Although his budget address to a joint session of the General Assembly on Feb. 9 was lacking specifics of his 2016-2017 budget proposal, the reality is that Wolf is continuing the tax-and-spend theme presented last year.
During his speech, the governor painted a doom-and-gloom picture as a means to convince the people of Pennsylvania — or maybe himself — that massive tax increases are needed to address the Commonwealth’s fiscal problems. He even reflected back on his time as a business owner stating, “You have to take a clear-eyed look at how the problem arose, and then you have to solve it. And fast. Or you won’t be in business very long.”
Besides failing to identify the real problem, Wolf’s only solution is to raise your taxes. Again, how dare he? How dare the governor ask for more money from the people of Pennsylvania without taking basic steps to control costs?
How dare Wolf ask you to give him more money without:
- Doing anything to reform the pension system that is driving costs — and property taxes — through the roof?
- Reforming our archaic liquor distribution system to maximize not only consumer convenience but also revenue to the state?
- Implementing a real hiring and wage freeze on state workers?
- Asking for more concessions from state employees that enjoy pay and benefits unmatched in the private sector?

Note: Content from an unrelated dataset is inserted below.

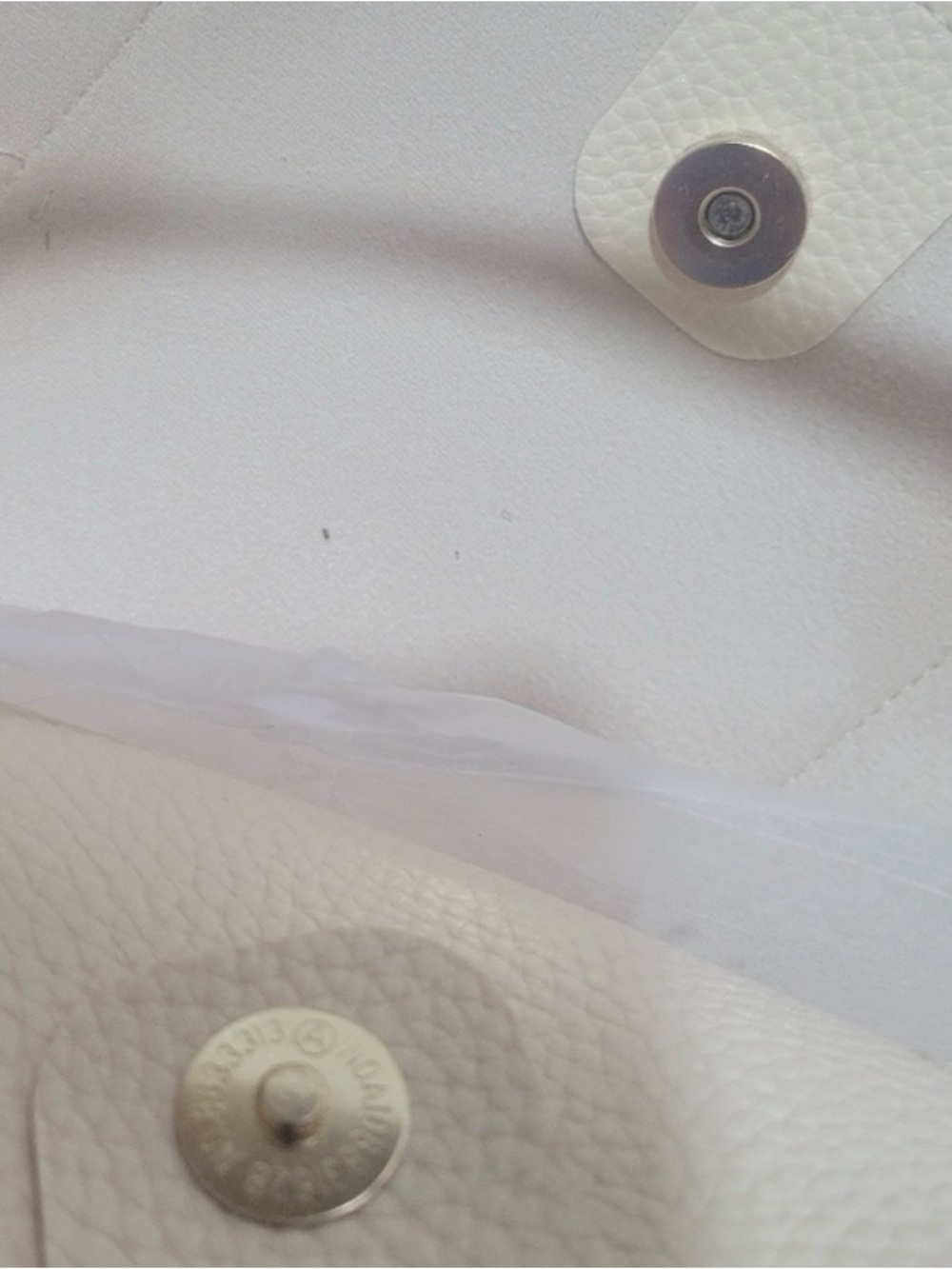 Elegant Cream Tote Bag - Picture 4 of 4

- Asking for concessions from the money managers that get paid hundreds of millions of dollars to manage the state pension funds?
- Using savings from innovations and efficiencies to shrink the looming budget deficit?
Even the governor stated in his budget address that, “We are going to have to stop closing our eyes and hoping our problems go away. We are going to have to face the facts.”
Then face the facts, governor. Stop proposing we use taxpayers of Pennsylvania to funnel more money into systems that we know aren’t working efficiently or effectively.
Wolf acknowledges that property taxes are a problem, but instead of wanting to address the cost driver – pensions – he just wants you to send more money to Harrisburg to keep funding an unsustainable pension system. He claims the money is for education. Yes, money does go to the school districts — just as your school property taxes do — but the schools in turn use it to pay the employer (taxpayers) pension obligations that continue to rise every year.
When it comes to his education funding arguments, Wolf is trying to pit taxpayers against students, which is unacceptable. In his budget address, Wolf stated “I can accept that we disagree about the importance of education.”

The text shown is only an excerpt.